Beginning at the line that contains "Fitglutes Activewear crop", reproduce the entries below exactly, ending with the line that contains "Character Reference Sheet". Omit each picture.

[Opening DATA section]

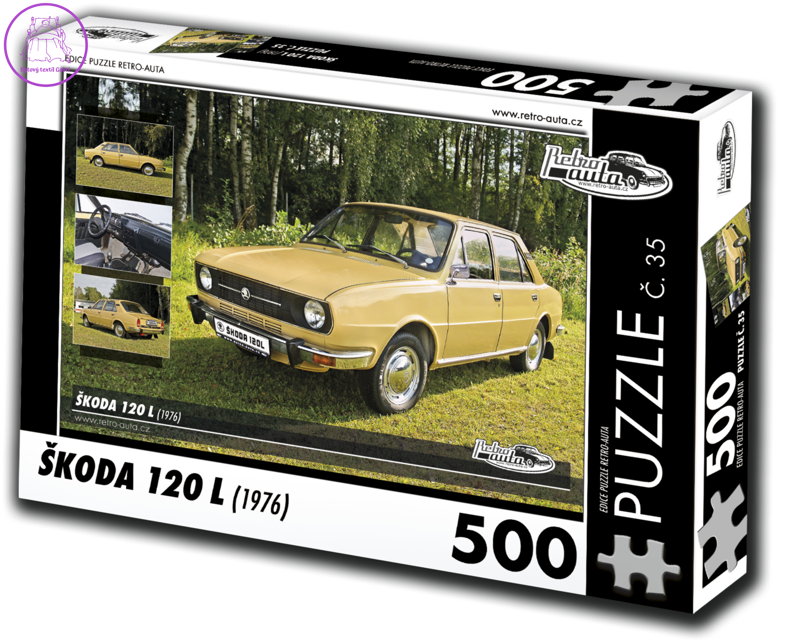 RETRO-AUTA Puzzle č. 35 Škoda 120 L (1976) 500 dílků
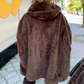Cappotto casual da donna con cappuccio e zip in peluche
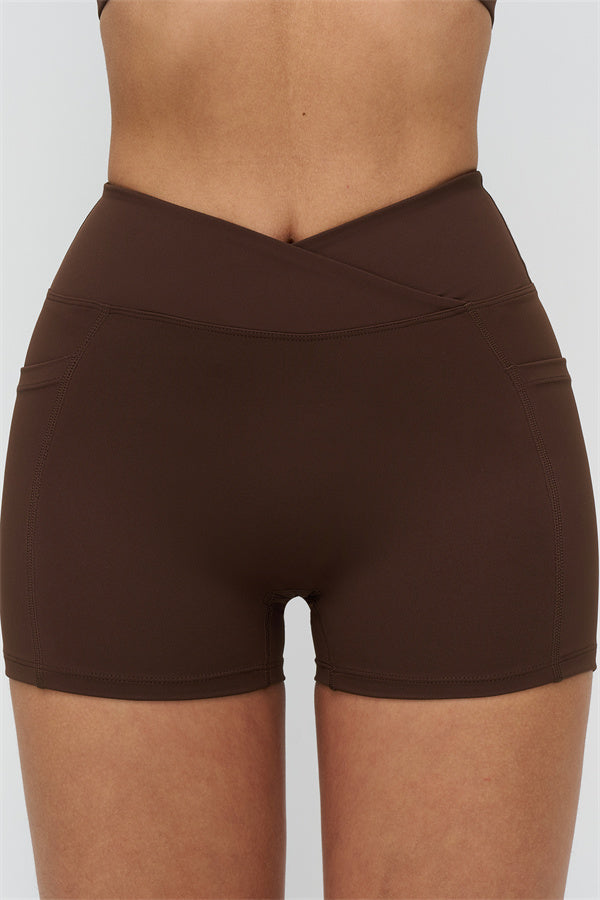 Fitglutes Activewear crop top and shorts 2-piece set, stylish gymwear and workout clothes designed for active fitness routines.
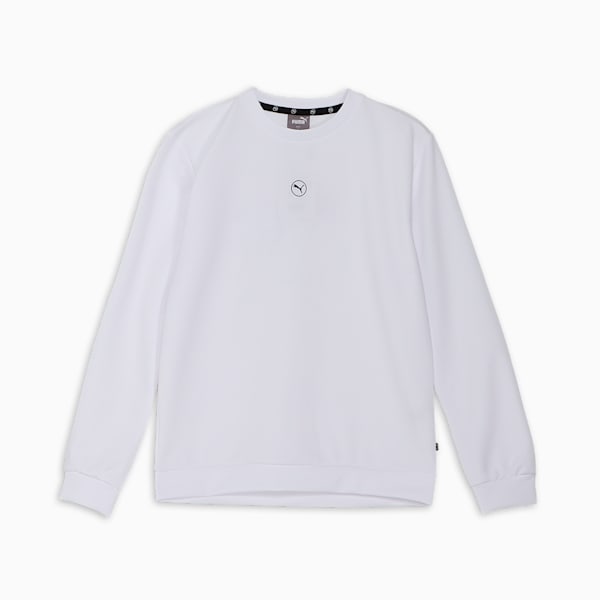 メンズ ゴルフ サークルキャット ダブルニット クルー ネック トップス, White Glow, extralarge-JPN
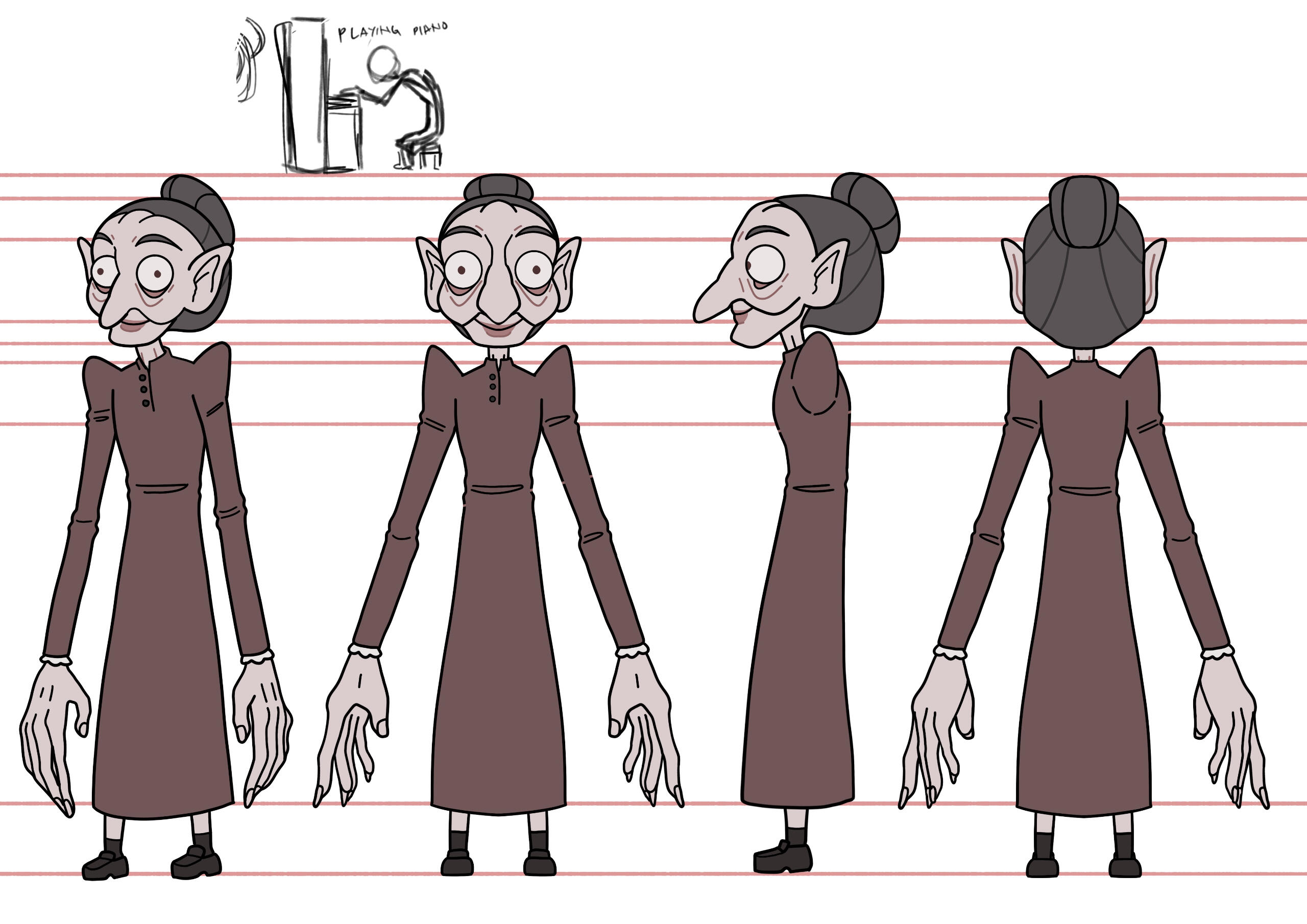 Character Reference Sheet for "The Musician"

[Closing DATA section]
[Opening DATA section]

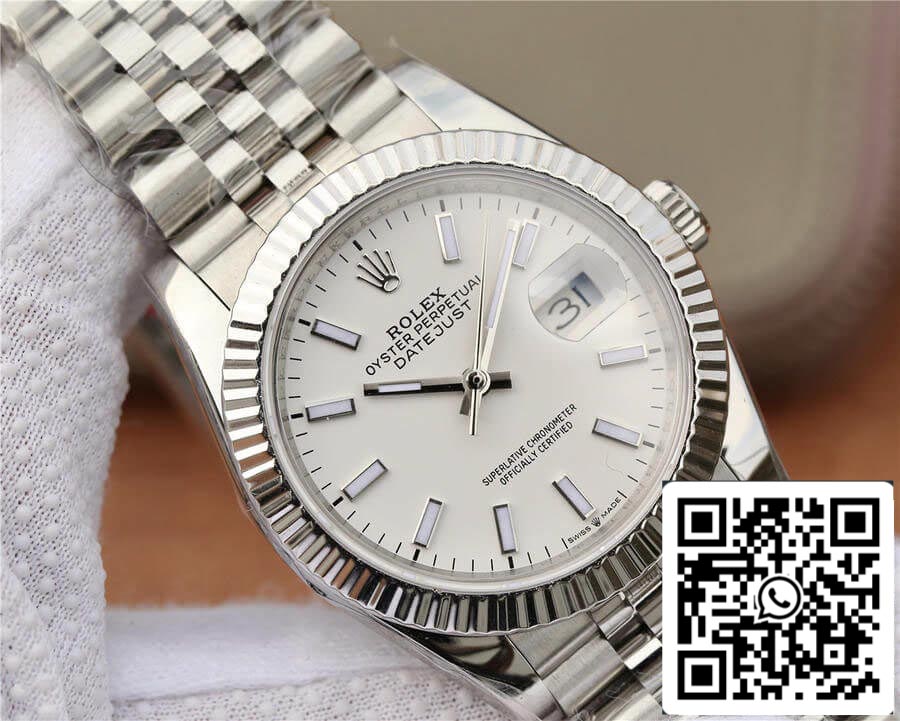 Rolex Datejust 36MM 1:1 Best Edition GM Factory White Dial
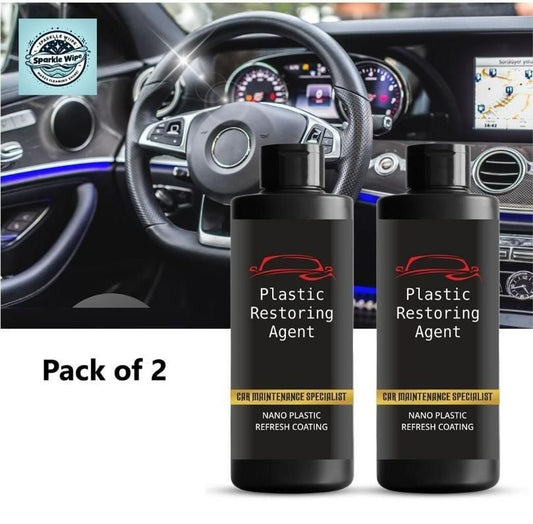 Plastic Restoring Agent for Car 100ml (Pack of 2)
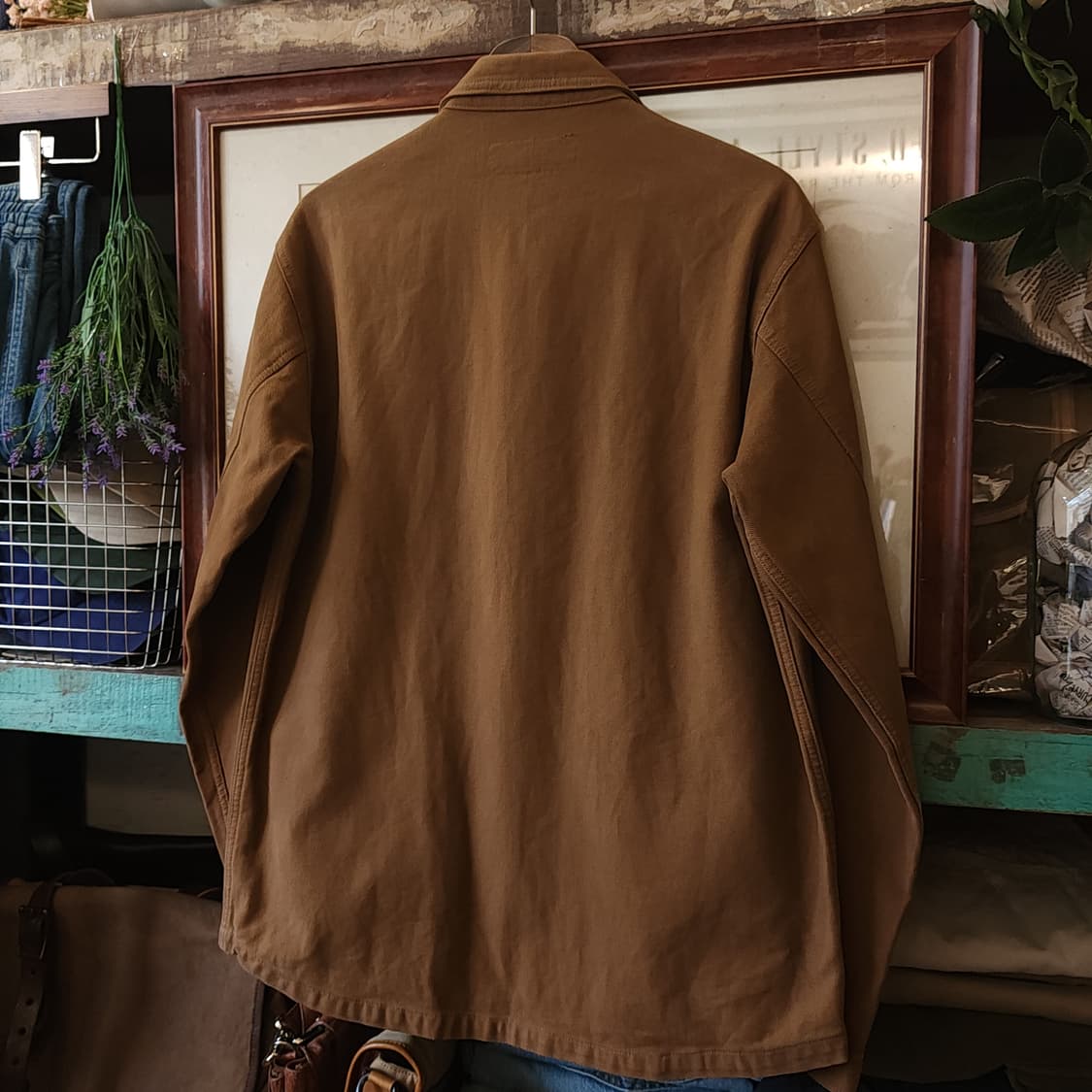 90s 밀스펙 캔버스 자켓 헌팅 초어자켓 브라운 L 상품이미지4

[Closing DATA section]
[Opening DATA section]

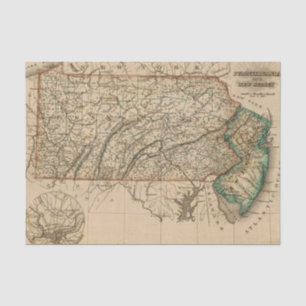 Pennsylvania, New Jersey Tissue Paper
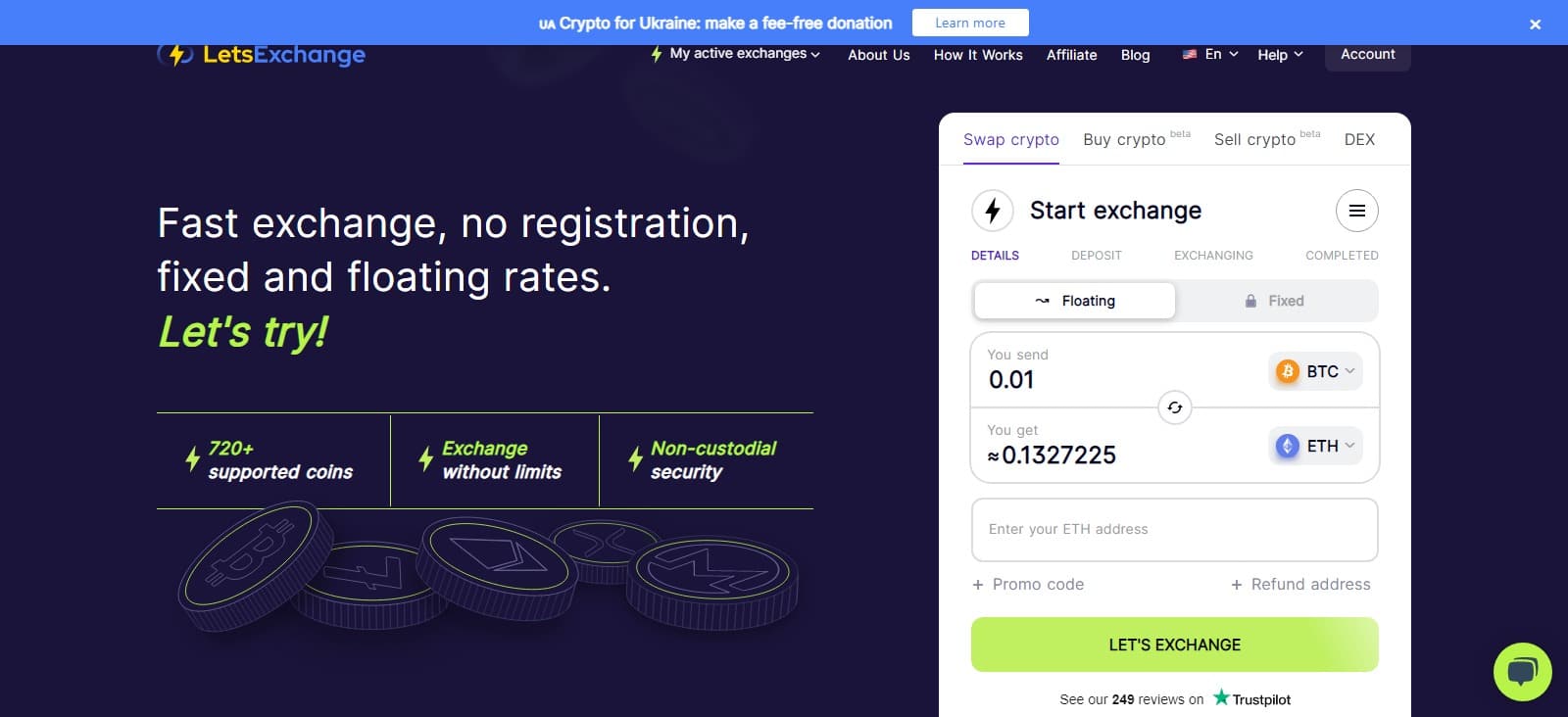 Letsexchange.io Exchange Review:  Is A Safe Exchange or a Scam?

[Closing DATA section]

- TASK RESPONSE:
 Fitglutes Activewear crop top and shorts 2-piece set, stylish gymwear and workout clothes designed for active fitness routines.
 メンズ ゴルフ サークルキャット ダブルニット クルー ネック トップス, White Glow, extralarge-JPN
 Character Reference Sheet for "The Musician"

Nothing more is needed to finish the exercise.